The containers were chosen, it is said, because of the difficulty of constructing foundations on sandy ground, but emblematically they announced that the Jungle was a transit camp pretending to be a refuge. As human cargo, the migrants were adrift in being stuck. First carried to Lampedusa or Lesbos, then aiming to cross the English Channel. The containers were calculated to remind them that their journey was interrupted, not concluded. Some had hidden in containers on ships to get to Europe. Now their way forward, if they could find it, was again in containers on lorries, going to Dover. As Safi says in The Jungle:
I thought this was a place, but it’s not. It’s between places. It doesn’t exist. We’re in burzakh, purgatory, waiting on the Judgement, in perfect view of the motorway, for everyone to see. A warning to the world. Don’t come. Don’t try. Refugees, migrants, whatever we fucking are. But not people, Ali. We’re between people. Drowning in this sea of suffering. (105)
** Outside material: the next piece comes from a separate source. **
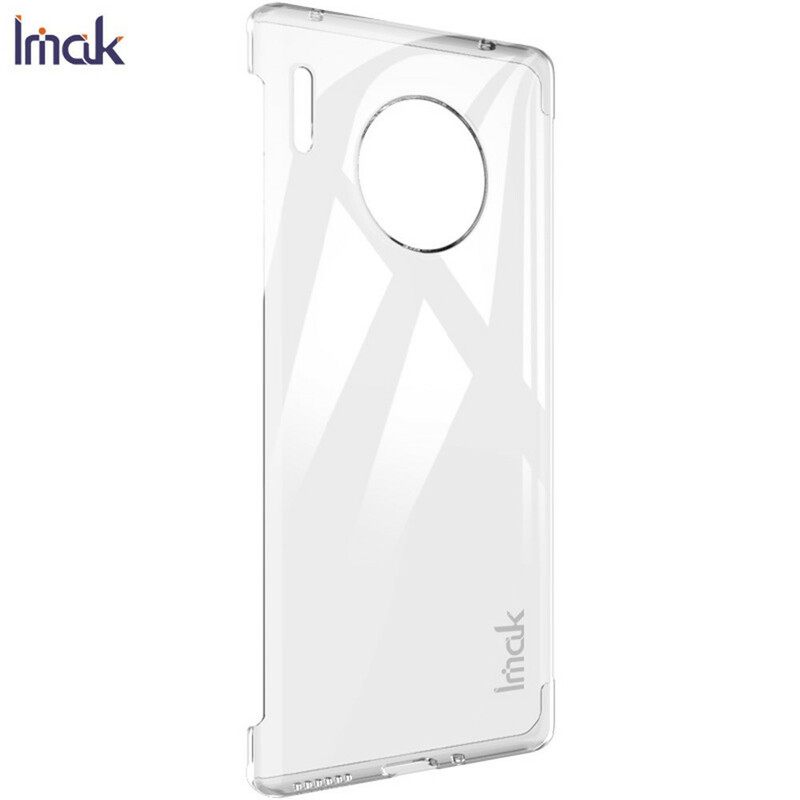 Case Huawei Mate 30 Pro Läpinäkyvä Kuva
Agier and his colleagues report that the containers were not allowed to be domesticated or personalised. They must retain their functional anonymity, without posters or photos on the walls, owned by the state. This gives more pathos to the boy in the Byrne poem, holding onto his token of family, “the picture of his dead uncle.” The evidence and reminder of connection is also an icon of loss. There were hundreds of unaccompanied minors in the Jungle. Many of them were run over on the motorway, like Norullah in the play, trying to get onto trucks, or were simply lost track of when police broke up the camp. What happens to lost children is not a happy thought.
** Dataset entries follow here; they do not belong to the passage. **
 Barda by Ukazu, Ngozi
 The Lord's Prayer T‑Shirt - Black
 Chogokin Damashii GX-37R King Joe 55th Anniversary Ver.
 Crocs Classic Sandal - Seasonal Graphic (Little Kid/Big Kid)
The best text to end with is Jeff Hilson’s “A Final Poem with Full Stops” (2017), which deals “with the ongoing and ignored tragedy of European migration.”Footnote 45 This means not just those crossing the Mediterranean or the Aegean and making their way north but the Roma, whose ill-treatment down the centuries testifies to Europe’s intolerance of its own inner migrants. The entire long poem should be quoted because the meaning of any part of it depends on its extent, yet any part of it would do if you wanted a summary. There is no catastrophe beyond every sentence, no full stop except all of them. Tragic structure does not crystallize. Form is but minimally available and every trajectory is aborted, while an insidious, addictive quality to the sequence of abrupt deaths half numbs the reader, as though caught in a loop of reporting on TV or radio.
If there is a development, it comes in a shift in the meaning of “reportedly” from what is merely reported to what covers suffering up, or aims to, without deceiving anyone, much as “died or killed” becomes an empty distinction as the losses fall into patterns and are revealed as systematic. Migrant tragedy is in so many instances this, a series of variants on the same, all coming to a full stop:
found dead in a bus shelter. & drowned. reportedly. in a drifting boat & in a dinghy. roma. no name. found dead in a cargo ship. jumped. reportedly. jumped off the bridge and died. died or killed. killed in a factory fire & killed on a freight train … drowned near kos & drowned giving birth [you will remember]…. hit by a bus. died in a van. died after being left alone…. drowned in the aegean & drowned near lampedusa. drowned in the channel of otranto. reportedly. reportedly hit by a police boat. & died. died or killed…. found dead. roma. found dead in the snow. found dead after sixteen days at sea. ignored by NATO [sounds familiar]. no name.Footnote 46
Stop anywhere, is the message, but stop.